Duterte may have quietly accepted the return of the U.S. Special Forces in Mindanao – OPE-P wasn’t reported in the news until four months later – but it certainly woke up the slumbering leftist groups who conveniently remained silent while the Philippine Marines were struggling to stay alive fighting the rebels in Marawi. Which makes one wonder: why didn’t the “patriotic” leftists – for love of country – volunteer to fight alongside the besieged Marines? Or, could it be that they were on the side of the militants? Hmm…

But when news reports that the U.S. Special Forces returned to Mindanao, they brought out their old “war drums” and started making a lot of noise again. Bagong Alyansang Makabayan (Bayan) Secretary General Renato Reyes said that the government kept the people in the dark about Operation Pacific Eagle: Philippines.
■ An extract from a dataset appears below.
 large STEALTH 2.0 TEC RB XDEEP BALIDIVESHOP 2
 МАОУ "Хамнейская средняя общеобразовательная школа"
According to him, OPE-P aims to maintain “active US military presence in the region.” He asked: “Was the US also the one that recommended that Martial Law in Mindanao be extended to one year, to allow unhampered US intervention and basing? What are the terms of reference for armed US troops conducting operations in Mindanao? The Philippine government has declared victory in Marawi, so why allow continued US military intervention? What does this say about Duterte’s so-called independent foreign policy?”

It seems that Reyes was misinformed. He had conveniently sidestepped the facts, which are: The U.S. Special Forces were deployed to Marawi in response to the Philippine government’s request for military assistance to fight the terrorists. Secondly, and more importantly, the U.S. Special Forces are assisting with ongoing emergency relief operations – known as Task Force Bangon Marawi. The U.S. government made available $14.3 million or about P730 million to directly assist with the recovery of Marawi and surrounding areas.

The U.S. Embassy also issued a statement, saying: “With $3 million in Humanitarian Assistance, USAID’s Office of U.S. Foreign Disaster Assistance is working with humanitarian organizations on the ground to deliver critical relief supplies such as safe drinking water, hygiene kits, kitchen sets, shelter materials to improve the conditions in evacuation centers and in host families, and programs to protect displaced women and children.” At the same time, $11.3 will be used to support the early recovery, stabilization and rehabilitation of Marawi and the surrounding areas. This includes restoration of basic public services such as health care, water and electricity, jumpstart livelihoods, revitalize the economy, and promote community reconciliation and alternatives to violent extremism. [Source: The Philippine Star, October 24, 2017]

Aside from the financial grant, the USAID delivered 12,000 water containers and nearly 100,000 chlorine tablets for safe drinking water to families in evacuation centers. These were delivered upon requests from the Departments of Education and Health. The USAID had also provided 6,500 desks for temporary schools and psycho-social support for affected teachers and students, according to the U.S. Embassy. [Ibid]

At the end of the day, the return of the U.S. Special Forces signifies a renewal of U.S.-Philippine military cooperation that has withstood the test of time for over a century. The engagement couldn’t have come at a much better time. With terrorism rearing its ugly head all over the world, military alliances have become an indispensible factor in counterterrorism. Indeed, the “Global War on Terror” is every country’s war and it behooves every citizen to help keep the country safe from terrorists.